(Excerpted records)
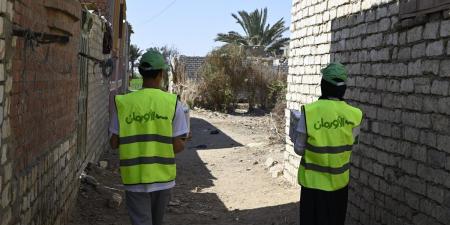 توزيع 435 كرتونة مواد غذائية للأولي بالرعاية بقري سمالوط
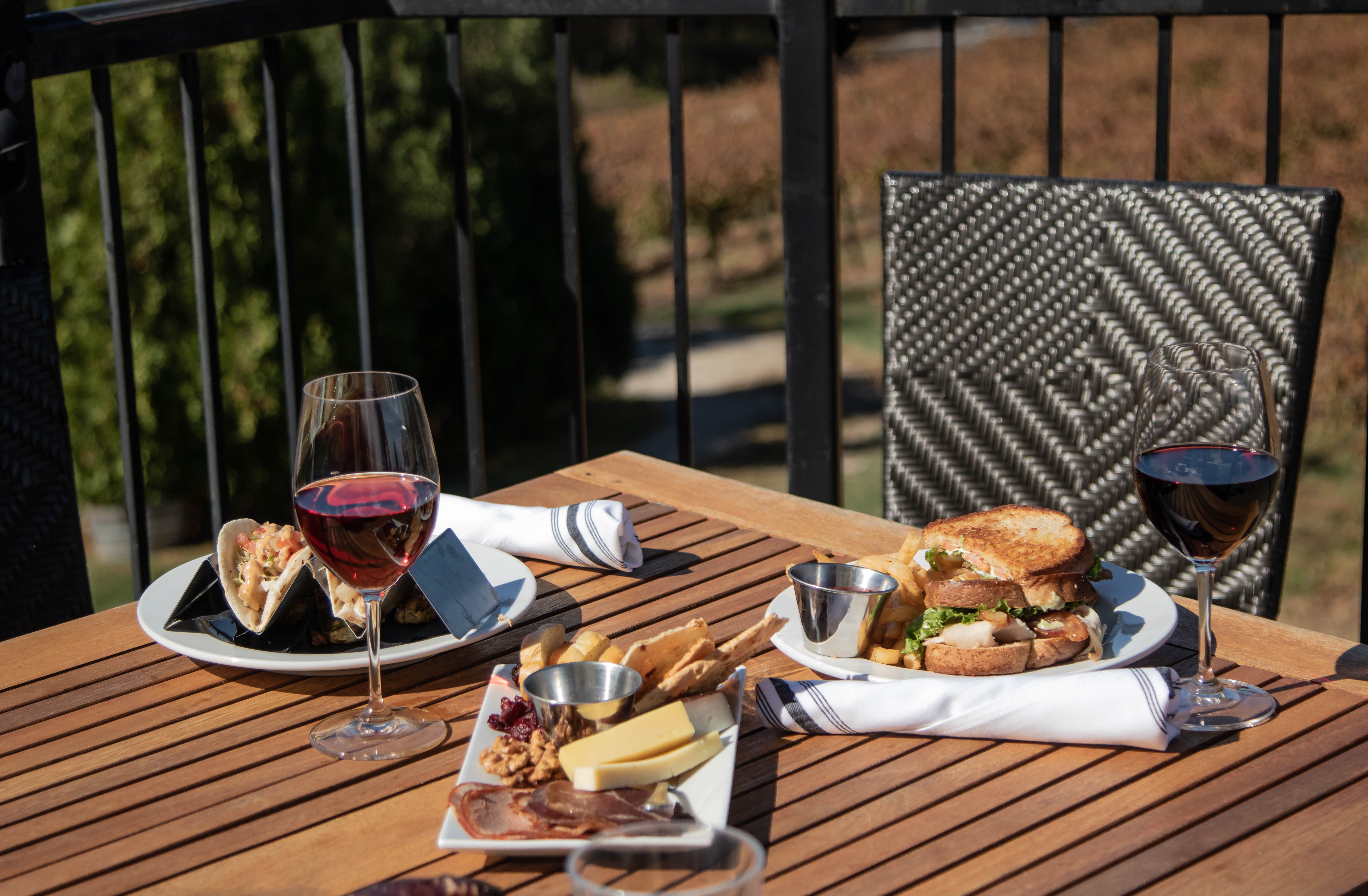 Food and wine sitting on a table with a chair in the background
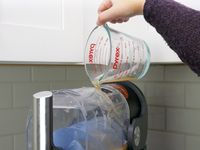 pouring liquid into the top of the ninja slushi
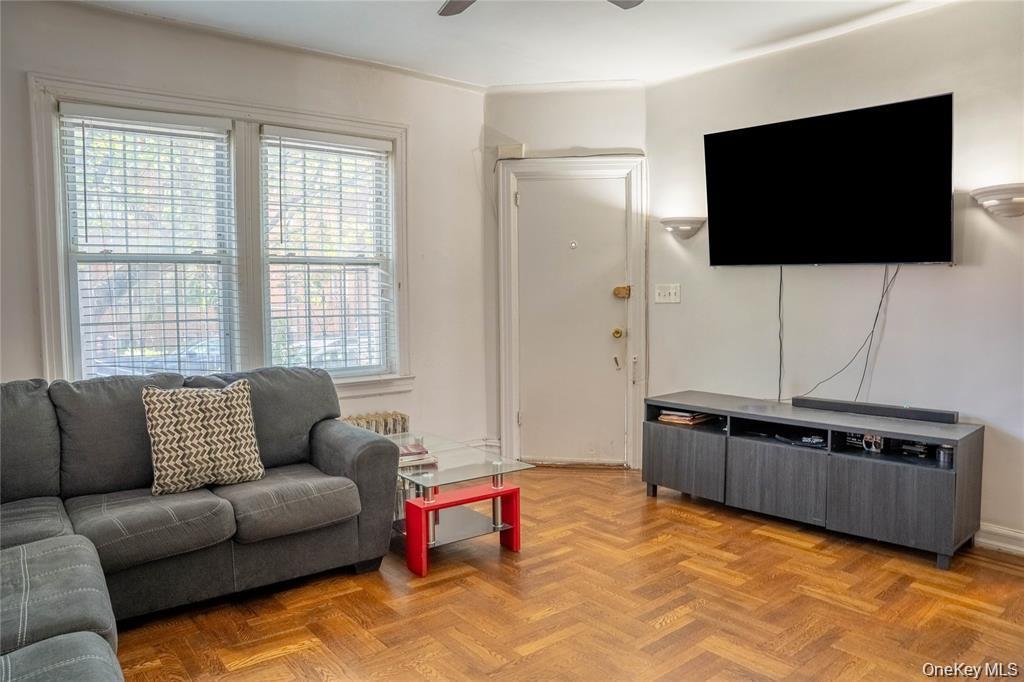 33-26 83rd Street Queens, NY 11372 - Photo 3 of 18 a living room with furniture and a flat screen tv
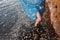 Girl staying in water near red sand wall in river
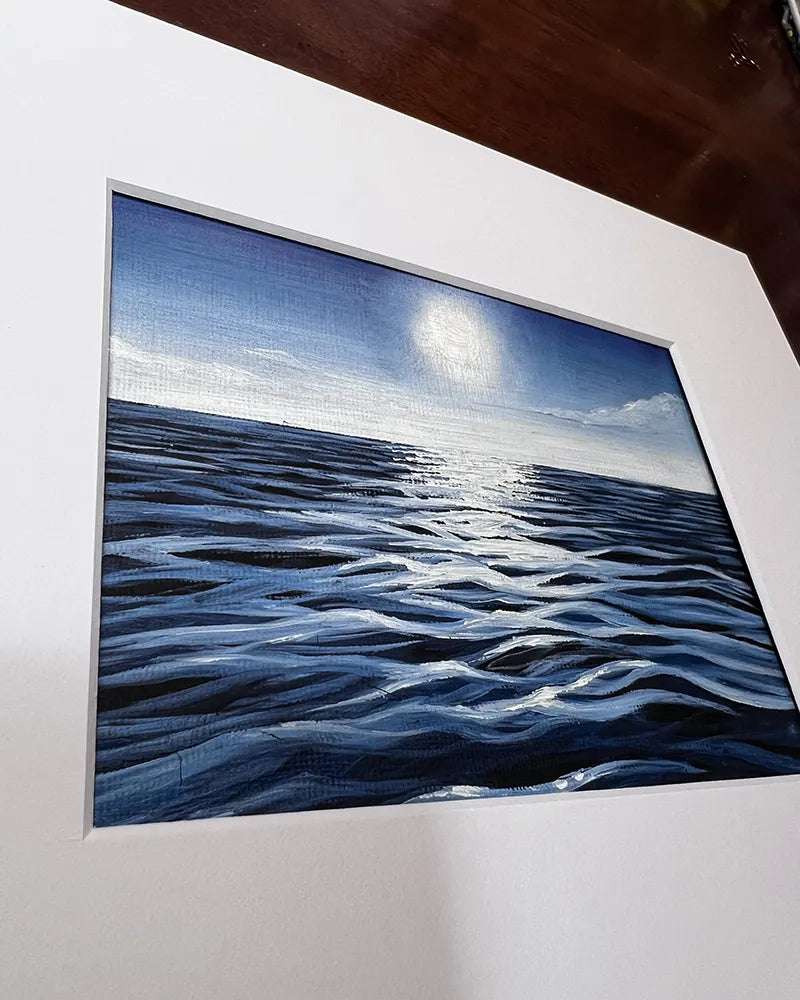 A framed Tiny Seascape - Original Oil Painting by Amanda Lanford of a serene blue ocean with textured waves under a pale sky, displayed on a wooden easel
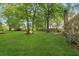 Spacious backyard with lush lawn, mature trees, and partially fenced property at 303 Hamlet Rd, Summerville, SC 29485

(The task) Give back the full listing above word for word, and let no picture through.

(Response to this exercise)
 توزيع 435 كرتونة مواد غذائية للأولي بالرعاية بقري سمالوط
 Food and wine sitting on a table with a chair in the background
 pouring liquid into the top of the ninja slushi
 33-26 83rd Street Queens, NY 11372 - Photo 3 of 18 a living room with furniture and a flat screen tv
 Girl staying in water near red sand wall in river
 A framed Tiny Seascape - Original Oil Painting by Amanda Lanford of a serene blue ocean with textured waves under a pale sky, displayed on a wooden easel
 Spacious backyard with lush lawn, mature trees, and partially fenced property at 303 Hamlet Rd, Summerville, SC 29485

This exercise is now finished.